Combat! Kids, here’s a good place to trot out your class notes on nominalization. These two headlines are elementally the same—a neutral version might read Supreme Court Limits But Does Not Destroy EPA Authority—but they present differently at the level of syntax. One difference is that “limits” is a verb in the LA Times and a noun in the New York Times. By nominalizing the act of limiting, the NYT can have the Justices Let EPA Curb, With Limits, and present this outcome as a win for the EPA.
Maybe it is. Again, I don’t know. Maybe I should have researched the issue better, and maybe you should have sought out a more authoritative source.
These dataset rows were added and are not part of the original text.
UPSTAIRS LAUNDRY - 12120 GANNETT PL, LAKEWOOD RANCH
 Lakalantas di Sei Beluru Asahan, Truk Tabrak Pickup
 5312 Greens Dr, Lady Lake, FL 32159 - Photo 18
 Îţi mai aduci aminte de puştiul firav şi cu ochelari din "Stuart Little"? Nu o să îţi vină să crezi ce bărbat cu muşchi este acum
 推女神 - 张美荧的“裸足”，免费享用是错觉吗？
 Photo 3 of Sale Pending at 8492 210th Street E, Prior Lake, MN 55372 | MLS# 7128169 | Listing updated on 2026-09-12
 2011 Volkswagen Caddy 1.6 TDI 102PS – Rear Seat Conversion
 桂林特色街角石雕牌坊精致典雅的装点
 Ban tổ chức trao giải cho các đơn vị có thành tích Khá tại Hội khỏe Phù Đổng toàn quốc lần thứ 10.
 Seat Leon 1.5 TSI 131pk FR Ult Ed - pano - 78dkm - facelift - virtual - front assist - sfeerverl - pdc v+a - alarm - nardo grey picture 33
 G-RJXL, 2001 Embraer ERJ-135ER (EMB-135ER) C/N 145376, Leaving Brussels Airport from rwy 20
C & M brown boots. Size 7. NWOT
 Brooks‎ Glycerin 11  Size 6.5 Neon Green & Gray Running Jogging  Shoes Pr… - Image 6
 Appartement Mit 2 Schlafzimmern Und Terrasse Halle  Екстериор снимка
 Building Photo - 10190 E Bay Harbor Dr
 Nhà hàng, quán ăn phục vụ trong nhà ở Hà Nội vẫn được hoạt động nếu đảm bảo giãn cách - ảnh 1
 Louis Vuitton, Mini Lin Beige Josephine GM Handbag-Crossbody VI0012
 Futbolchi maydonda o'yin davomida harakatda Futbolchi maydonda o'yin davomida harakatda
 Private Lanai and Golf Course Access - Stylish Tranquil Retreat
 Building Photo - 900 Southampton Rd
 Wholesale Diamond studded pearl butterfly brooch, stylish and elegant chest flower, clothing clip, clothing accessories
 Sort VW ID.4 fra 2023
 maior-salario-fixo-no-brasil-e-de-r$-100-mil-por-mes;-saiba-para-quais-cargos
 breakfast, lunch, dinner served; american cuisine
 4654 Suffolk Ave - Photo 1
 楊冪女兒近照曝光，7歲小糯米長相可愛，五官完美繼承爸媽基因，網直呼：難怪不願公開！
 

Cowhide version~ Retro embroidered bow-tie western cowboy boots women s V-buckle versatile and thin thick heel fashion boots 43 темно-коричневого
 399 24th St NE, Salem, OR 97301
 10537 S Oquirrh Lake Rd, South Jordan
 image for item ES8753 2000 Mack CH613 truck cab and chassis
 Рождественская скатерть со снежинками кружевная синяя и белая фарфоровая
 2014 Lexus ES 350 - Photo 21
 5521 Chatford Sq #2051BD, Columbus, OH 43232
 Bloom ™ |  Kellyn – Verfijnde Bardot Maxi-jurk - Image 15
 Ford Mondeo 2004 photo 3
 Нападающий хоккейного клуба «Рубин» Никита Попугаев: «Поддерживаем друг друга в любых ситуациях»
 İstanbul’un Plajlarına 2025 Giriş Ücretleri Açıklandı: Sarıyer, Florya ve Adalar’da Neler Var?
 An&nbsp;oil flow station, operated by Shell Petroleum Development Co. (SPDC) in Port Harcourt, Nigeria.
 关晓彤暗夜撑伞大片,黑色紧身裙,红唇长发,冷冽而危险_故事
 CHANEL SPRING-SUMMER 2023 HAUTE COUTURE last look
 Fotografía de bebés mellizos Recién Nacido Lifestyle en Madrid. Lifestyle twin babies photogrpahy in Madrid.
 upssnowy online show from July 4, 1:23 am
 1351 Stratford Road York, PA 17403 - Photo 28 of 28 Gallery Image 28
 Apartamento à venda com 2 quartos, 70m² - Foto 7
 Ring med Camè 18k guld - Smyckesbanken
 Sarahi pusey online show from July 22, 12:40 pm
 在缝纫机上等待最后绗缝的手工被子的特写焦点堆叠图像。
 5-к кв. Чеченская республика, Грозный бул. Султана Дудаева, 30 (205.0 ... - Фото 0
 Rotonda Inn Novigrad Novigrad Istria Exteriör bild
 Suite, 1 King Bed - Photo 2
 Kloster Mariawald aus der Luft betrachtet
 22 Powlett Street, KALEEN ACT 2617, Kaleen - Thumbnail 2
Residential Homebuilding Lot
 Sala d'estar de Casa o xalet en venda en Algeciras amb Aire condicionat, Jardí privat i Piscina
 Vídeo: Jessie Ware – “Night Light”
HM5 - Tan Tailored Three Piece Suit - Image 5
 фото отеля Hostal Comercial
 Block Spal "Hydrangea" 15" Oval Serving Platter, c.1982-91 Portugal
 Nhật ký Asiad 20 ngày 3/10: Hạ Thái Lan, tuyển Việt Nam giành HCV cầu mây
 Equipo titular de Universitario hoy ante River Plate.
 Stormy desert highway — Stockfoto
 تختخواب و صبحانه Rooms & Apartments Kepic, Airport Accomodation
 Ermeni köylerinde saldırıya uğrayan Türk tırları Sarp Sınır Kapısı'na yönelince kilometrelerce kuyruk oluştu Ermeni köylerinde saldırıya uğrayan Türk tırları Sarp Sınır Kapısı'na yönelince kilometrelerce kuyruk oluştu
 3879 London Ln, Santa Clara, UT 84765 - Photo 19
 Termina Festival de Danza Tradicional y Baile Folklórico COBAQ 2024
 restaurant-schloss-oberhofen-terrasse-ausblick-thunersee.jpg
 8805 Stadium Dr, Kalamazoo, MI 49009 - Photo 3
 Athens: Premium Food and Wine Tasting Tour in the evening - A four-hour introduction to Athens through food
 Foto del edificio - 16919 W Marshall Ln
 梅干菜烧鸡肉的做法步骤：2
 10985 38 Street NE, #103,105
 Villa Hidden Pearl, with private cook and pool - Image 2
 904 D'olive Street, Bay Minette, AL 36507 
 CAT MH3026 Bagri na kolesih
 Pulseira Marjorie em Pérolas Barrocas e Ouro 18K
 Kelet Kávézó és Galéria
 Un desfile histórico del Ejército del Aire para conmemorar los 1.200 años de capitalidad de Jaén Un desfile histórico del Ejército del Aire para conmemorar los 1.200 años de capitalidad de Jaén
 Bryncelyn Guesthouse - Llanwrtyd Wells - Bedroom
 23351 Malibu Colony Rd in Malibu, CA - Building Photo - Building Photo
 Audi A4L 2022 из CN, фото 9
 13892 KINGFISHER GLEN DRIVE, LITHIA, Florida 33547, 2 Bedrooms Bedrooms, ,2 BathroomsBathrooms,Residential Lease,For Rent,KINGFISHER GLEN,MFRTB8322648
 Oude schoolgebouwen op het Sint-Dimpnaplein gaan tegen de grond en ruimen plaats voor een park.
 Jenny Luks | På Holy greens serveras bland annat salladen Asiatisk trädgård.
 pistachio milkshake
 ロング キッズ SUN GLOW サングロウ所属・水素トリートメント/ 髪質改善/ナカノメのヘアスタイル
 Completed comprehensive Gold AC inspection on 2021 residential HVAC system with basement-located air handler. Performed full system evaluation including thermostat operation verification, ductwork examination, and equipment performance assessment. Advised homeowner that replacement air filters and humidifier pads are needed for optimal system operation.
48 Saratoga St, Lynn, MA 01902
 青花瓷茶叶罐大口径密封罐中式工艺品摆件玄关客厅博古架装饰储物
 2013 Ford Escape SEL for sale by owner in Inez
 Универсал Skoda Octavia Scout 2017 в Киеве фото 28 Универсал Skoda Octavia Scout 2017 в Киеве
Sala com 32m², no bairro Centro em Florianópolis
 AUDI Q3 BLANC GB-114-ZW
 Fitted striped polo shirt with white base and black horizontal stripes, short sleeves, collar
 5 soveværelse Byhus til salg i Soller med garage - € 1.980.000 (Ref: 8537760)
These questions are not answerable. But one other thing we can say for certain is that in the LA Times this morning, the Court limited but did not destroy EPA authority, whereas in New York the Justices did it.
The analogy is imperfect, but that’s like the difference between LeBron Commits Six Fouls and Referees Call Six Fouls on LeBron. When the New York Times reports on what Justices do, it troubles the conceptual authority of the court. It draws attention to this decision as an act of individual people—individual people who have acted kind of kooky lately, and whom some might accuse of being ideologically motivated.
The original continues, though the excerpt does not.